Silhouette frêle, voix douce, accent british. Modeste par nature, Jane Birkin a longtemps cru que le théâtre n’était pas pour elle. Jusqu’à ce jour de 1985 où Patrice Chéreau lui propose de jouer Marivaux. Marie qui ?, dit-elle. Élevée en Angleterre, elle ne connaissait que Molière.

La peur au ventre, sa fragilité s’imposa. Le début d’une carrière avec des comédies, mais aussi Shakespeare ou Sophocle. Le début d’une passion également, Birkin devenant une spectatrice assidue des planches. D’où l’émotion du directeur du Festival d’Avignon.

« C’est une immense tristesse, confie Tiago Rodrigues à RFI, car Jane Birkin était une spectatrice du Festival d’Avignon, a participé aussi à des lectures, etc. Pour moi, en tant que nouvel arrivé, c’est savoir que je vais devoir appeler ma mère qui a perdu l’une de ses héroïnes. »

Jane Birkin et le théâtre, ce fut comme une révélation, l’histoire d’une chanteuse devenant autrice, avec sa propre pièce, Oh pardon, tu dormais, titre délicat pour évoquer la mort de sa fille. Le drame, et le charme.

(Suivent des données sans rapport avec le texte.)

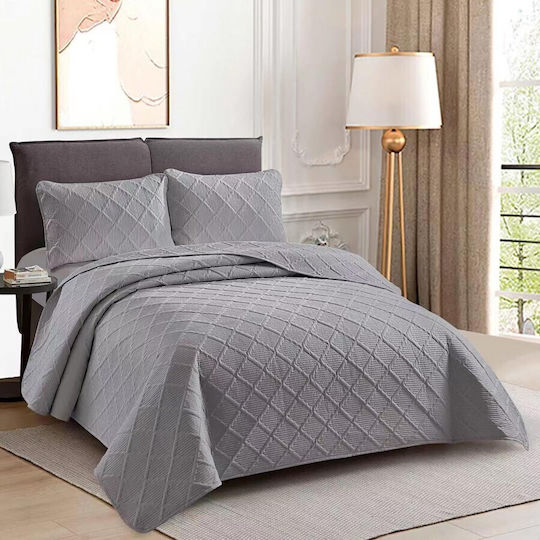Pucioasa Κουβερλί Σετ Υπέρδιπλο Gray 230x250cm 3τμχ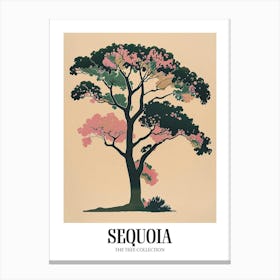 Sequoia Tree Colourful Illustration 3 Poster Canvas Print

Tristesse aussi du public, à la sortie du spectacle Gainsbourg Confidentiel, justement, à l’Arrache-Cœur. « Je ne l’ai pas vue au théâtre, mais elle représente l’intelligence, le charme, confie une spectatrice. Moi, je dirai que c’est une personne qui m’a beaucoup touchée par sa douceur et sa pudeur. »

Jane Birkin, « c’est la liberté, une époque de vie, notre jeunesse », renchérit une autre, toujours au micro de RFI, et plus précisément celui de notre envoyé spécial à Avignon, Pascal Paradou. « De la voir partir, pour moi, c’est un petit peu de nous-mêmes qui s’en va aussi. »

« À l’avant-garde »

C’est toute la France qui a réagi à la triste nouvelle de la mort de « Jane », ce dimanche. Ses albums, Sao Hion les a tous. Le dernier lui a été offert il y a trois ans par un ami sûr de lui faire ainsi plaisir. Cette habitante de Boulogne de 57 ans est bouleversée.

« Ça me touche, dit-elle au bord des larmes, interrogée par notre consœur Marine de la Moissonnière. Parce que c’est comme si elle était de la famille, en fait. Si on disait Jane, on savait que c’était elle. Oui, ça me fait vraiment de la peine. »

Enfant de Londres excessivement timide, épouse modèle et effacée du compositeur John Barry à 18 ans, Jane Birkin sort de l’ombre avec « Blow up », chronique grinçante du Swinging London de 1966, et aussi l’une des premières scènes de nu de l’histoire du cinéma britannique.

Jane Birkin devient ensuite indissociables de Serge Gainsbourg, pour les fans. Didier, Parisien de 53 ans, se souvient de la révolution qu’avait provoquée le couple : « Ils étaient complètement à l’avant-garde de ce qui se faisait à l’époque, un peu précurseurs et même hors norme. »

Leur couple était légendaire. Jane Birkin est partie vers les sommets avec le titre « Je t’aime moi non plus ». Un duo, torride et sensuel au possible, que Gainsbourg avait au départ enregistré avec Brigitte Bardot.

Leur rencontre remonte à 1968. D’abord, Serge Gainsbourg snobe cette petite Anglaise de 21 ans. Puis il ne la quitte plus. C’est elle qui le quitte, au bout de dix ans, pour le réalisateur Jacques Doillon, qui lui permet de se réinventer, tout comme Patrice Chéreau, côté théâtre.

« Icône française »

Jean, 75 ans, rit encore en se remémorant l’émoi qu’avait provoqué la chanson « 69 année érotique ». Mais pour lui, il ne faut pas résumer Birkin au duo qu’elle a formé avec le grand Serge. « Elle était intéressante en elle-même », insiste-t-il.

« Elle a joué des rôles intéressants, rappelle-t-il. Au début, c’était presque la bimbo, mais après, elle est devenue une véritable actrice. Et c’est une chanteuse qui avait du charme. Ce n’était pas une grande chanteuse, absolument pas ; ça correspondait à une époque, c’était le moment, c’était charmant. Avec un petit peu de provoc’ par-dessus le marché. Pour moi, c’était quelqu’un de touchant. »

À 40 ans, Jane Birkin changeait de look, se rappelle Carmen Lunsmann. Elle se coupe les cheveux, ne se maquille plus et entame sa relation passionnelle avec la scène. En 2019, elle se dévoile également en écriture et publie son journal intime.

Courageuse et entière, c’était aussi une femme engagée : porte-parole d’Amnesty International, elle s’engage pour la cause du sida, de l’Algérie et des Enfants de la Terre, et bien sûr pour les Restos du cœur. Une voix forte et fragile qui a touché le monde entier.

Le président français Emmanuel Macron a rendu hommage à Jane Birkin, saluant « une artiste complète », une « icône française », « des images qui ne nous quitteront pas ». La Première ministre Élisabeth Borne a salué dimanche en elle « une icône inoubliable, une voix et un charme unique », et sa « tristesse ».

« Aujourd’hui, nous perdons une icône totale dont l’accent pouvait aussi bien nous murmurer les hymnes d’une époque que défendre ses engagements sur la scène internationale : la solidarité, l’accueil des migrants, la lutte contre l’extrême-droite, la liberté », salue la ministre de la Culture, Rima Abdul Malak.